Seharusnya bangsa ini harus jujur bahwa untuk mengatasi ketimpangan ekonomi ini mesti ada terobosan-terobosan luar biasa seperti kita melawan korupsi. Perlu ada cara-cara khusus dan lembaga khusus. Ini harus sepakat dulu!

Warisan ketimpangan sosial di era Soeharto begitu tinggi ini tidak cukup dengan jargon atau pendekatan basa-basi. Rakyat sudah jenuh. Kalau tidak, kecemburuan ekonomi berbau rasialis ini menjadi santapan empuk bagi tokoh-tokoh politik untuk memanfaatkan masyarakat untuk kepentingan politiknya yang bisa berakibat konflik horizontal di tengah masyarakat. Seperti terjadi pada spanduk raksasa yang provokatif terpampang di depan Balaikota DKI Jakarta di saat orasi politik Anies Baswedan usai dilantik sebagai Gubernur DKI berbunyi : “Kebangkitan Pribumi Muslim”

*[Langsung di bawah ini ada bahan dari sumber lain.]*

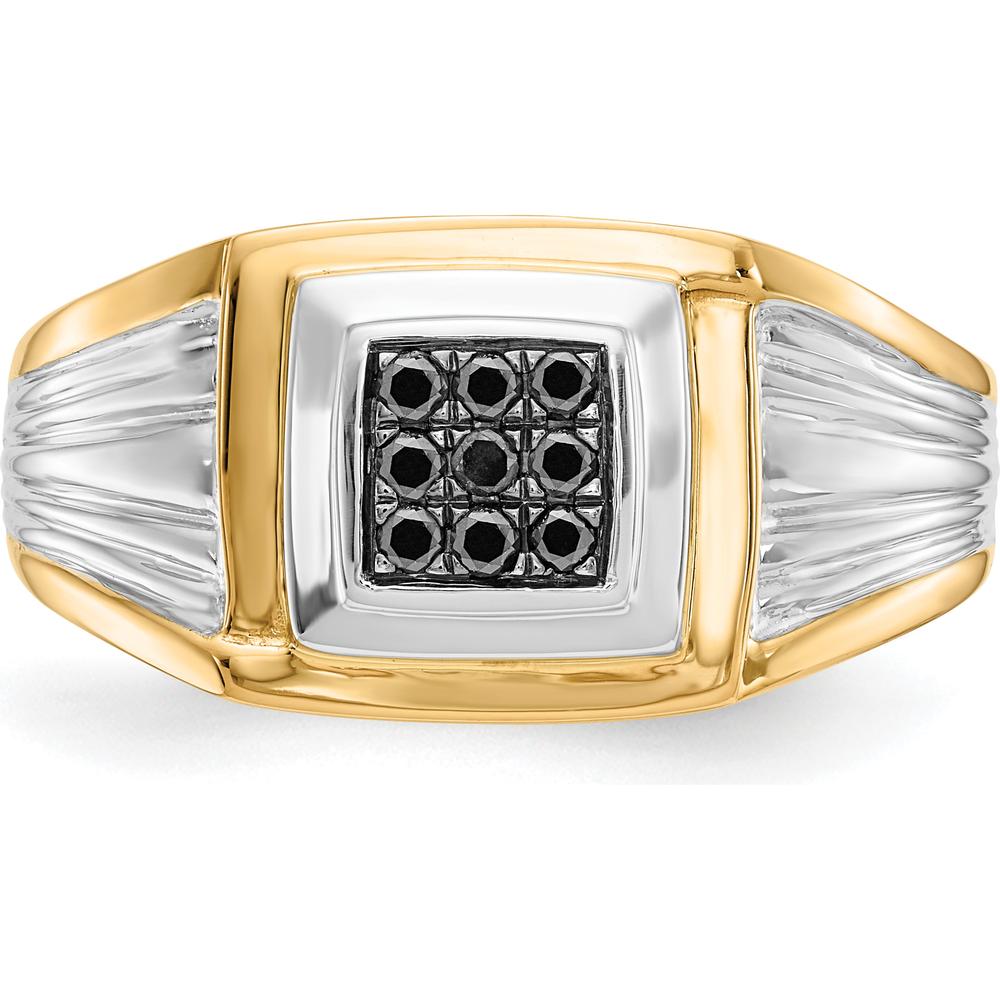 14K Two-Tone Gold Men's Ring with Round Black Diamonds - 0.0166 Carat Total Diamond Weight by 0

Berbahaya jika isu ini dimanfaatkan oleh pelaku politik untuk menyerang Jokowi yang sedang bekerja membenahi negara ini. Sebab syarat negara ini maju mesti infrastrukturnya tersedia dan pemerintah bermental pelayan; Berbahaya jika isu ini untuk merusak kerukunan bangsa Indonesia. Sebab syarat untuk membangun ekonomi rakyat itu mesti di negeri yang rukun damai; Berbahaya isu ini didiamkan seakan tidak ada terjadi. Sebab syarat negara harus jelas status warga negara rakyatnya.

“Ke depan kita tidak ada lagi kata pribumi dan nonpribumi. Semua etnis menjadi Warga Negara Indonesia adalah Bangsa Indonesia memiliki hak dan kewajiban yang sama.”